I wanted to sample a broad cross-section of the internet, including sites with large development teams and long life spans as well as newer properties produced by passionate amateurs.
My list of domains to scrape started with the top 1,000 Alexa sites to represent the 'popular' and 'large' end of the spectrum. They provide a CSV report of their top 1 million sites by trailing month traffic rank, so I included the top 1,000 from that.

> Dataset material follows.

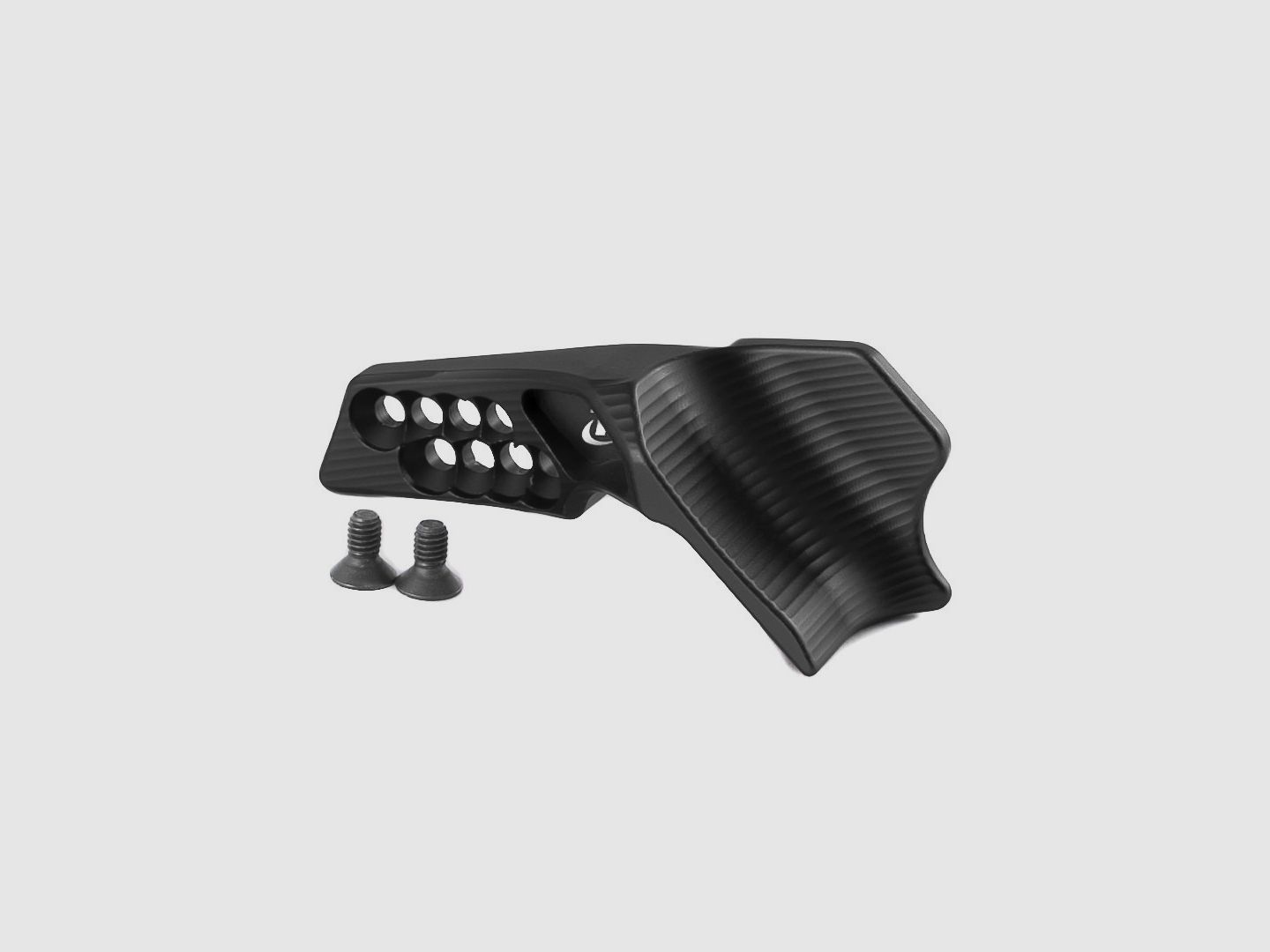 Thumb rest for right hand for Beretta 92X - TONI SYSTEM * ITEM CODE B92XSX-BK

To fill in the rest of the list of domains to survey I randomly sampled Quick Left's mailing list, which is a mix of past and potential clients, employees, fans, and other folks from around the world. I considered just sampling the top million list from Alexa randomly, but even the top million properties still includes larger sites compared to the estimated 271 million domains registered worldwide, so our mailing list was hopefully a better sample that could include MVPs, personal sites, and other 'scrappy' web properties.
The final list contained 10,400 domains that are roughly a representative sample of the internet. From these domains, I downloaded all of the CSS files linked from their main page with:
cat domains.txt | xargs -I % wget http://% -r -A '*.css*' -H --follow-tags=link
This process collected about 28,000 CSS files in total from those 10,400 domains. These were run through a CSS parser node module which let me save around 8.7 million records of selector, property, and value (e.g.
span.important, font-weight, bold). These were saved in Postgres, and heavily indexed for exploration.